Para o especialista, escolhas amorosas conscientes e com o uso da razão são as que mais têm chances de serem bem sucedias.
O psiquiatra Flávio Gikovate se inspirou no filósofo alemão Nietzsche para escrever sua obra contundente, ´O Mal e o Bem e Mais Além´, na qual ele revela que a raiz dos relacionamentos entre generosos e egoístas está na vaidade. Estudioso antigo dos relacionamentos humanos, ele se debruçou durante anos na pesquisa da sexualidade, com um olhar especial para a relação amorosa entre pares, maior enlevo e sofrimento entre seus pacientes.
Na revisão de ´Uma Nova Visão do Amor´ (MG Editores), em sua quinta edição, ele continua a falar suas verdades. Estas, se por um lado, promovem certo alento para alguns, para outros - que tomam o sofrimento como um vício e não se cansam de rimar amor com dor - trata-se de um banho de água fria. Isso porque, a seu ver, as escolhas amorosas devem ser realizadas de forma mais consciente possível e não no afã das emoções mais inconscientes. Abaixo, a entrevista que o Viva fez por e-mail com o psicoterapeuta e escritor.
Há muitos anos o senhor tem abordado a temática do relacionamento homem e mulher em suas obras. Por que essa ênfase?
No início de minha carreira como psicoterapeuta, nos anos 1960, me dedicava mais às questões sexuais. Elas desembocaram, segundo minhas observações, na dinâmica das relações amorosas. A partir de 1975, esse tema passou a ser predominante em meus trabalhos (o que não significou negligência em relação aos problemas sexuais). Avancei muito também nas reflexões de caráter moral, entre outros temas, que derivaram de minhas observações clínicas.
´Uma Nova Visão do Amor´ está na quinta edição. O que foi observado e revisto pelo senhor nesta últimas duas décadas nos relacionamentos?
Os princípios fundamentais se alteraram um pouco. Avanços foram feitos nos detalhes, aprimorando inclusive a comunicação. Há cerca de 30 anos, venho defendendo a idéia de que as afinidades devem predominar sobre as diferenças nas escolhas dos parceiros sentimentais. Defendo que o processo seja também racional e não apenas encantamento sentimental ou erótico. Defendo cada vez mais a construção da individualidade como pré-condição para bons relacionamentos interpessoais mais respeitosos e menos possessivos.
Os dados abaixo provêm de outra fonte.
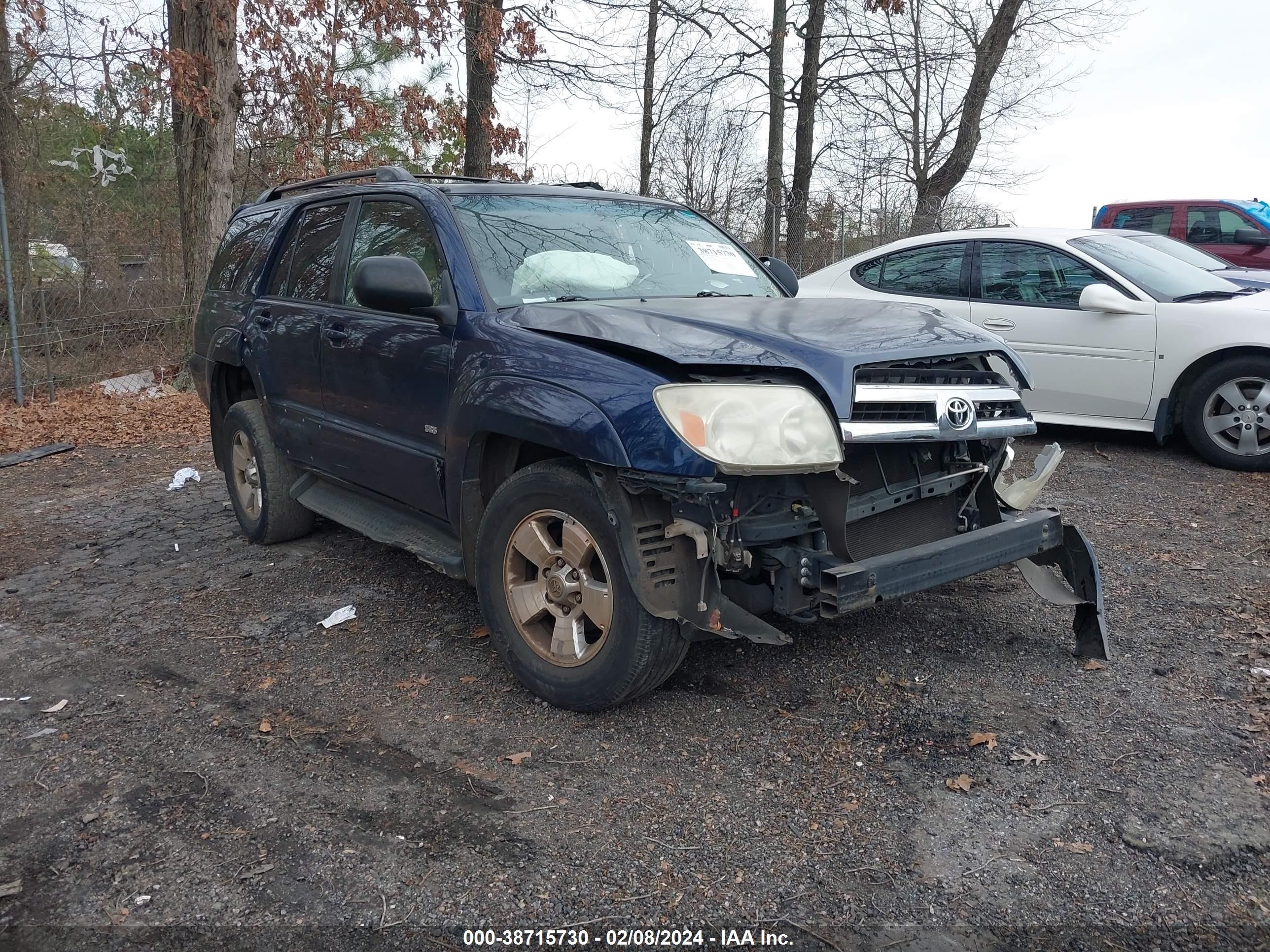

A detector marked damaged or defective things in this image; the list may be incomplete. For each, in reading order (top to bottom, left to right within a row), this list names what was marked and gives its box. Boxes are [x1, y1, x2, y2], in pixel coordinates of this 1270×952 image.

damaged front end [589, 355, 1107, 660]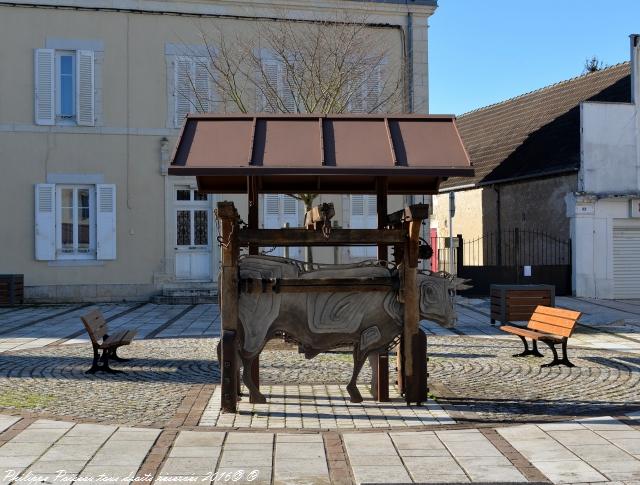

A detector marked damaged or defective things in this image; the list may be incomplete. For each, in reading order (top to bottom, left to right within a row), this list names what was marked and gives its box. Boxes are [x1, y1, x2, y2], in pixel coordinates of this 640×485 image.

rusty metal structure [169, 114, 470, 412]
E, cada vez mais, penso que as concessões devem ser substituídas pelo respeito ao modo de ser e aos gostos de cada um dos parceiros.
O senhor diz que um bom relacionamento a dois deve ter como base a amizade. Como mudar a crença de que o clima para o romance se dá em área de maior atrito e conflito?
As pessoas acham que o encantamento amoroso deve acontecer entre opostos: um extrovertido e o outro mais quieto, por exemplo. Porém, nas amizades predominam as afinidades e o cotidiano dos que são mais parecidos é muito mais fácil. Além disso, as pessoas acham que amigos não sentem desejo sexual uns pelos outros, ao contrário dos opostos (um mais para cafajeste e o outro mais para o bonzinho, por exemplo) onde o sexo flui mais fácil. É até certo ponto verdadeiro, mas o preço a pagar é muito mais alto. Com o entendimento de que sexo e amor não são a mesma coisa, é totalmente possível criar um clima erótico, mais vulgar, na hora da intimidade física dos que se amam de verdade e que são amigos em todas as horas.
Que tipos de mudanças o senhor vem observando neste momento entre os novos casais que estão se formando e que poderia nos relatar?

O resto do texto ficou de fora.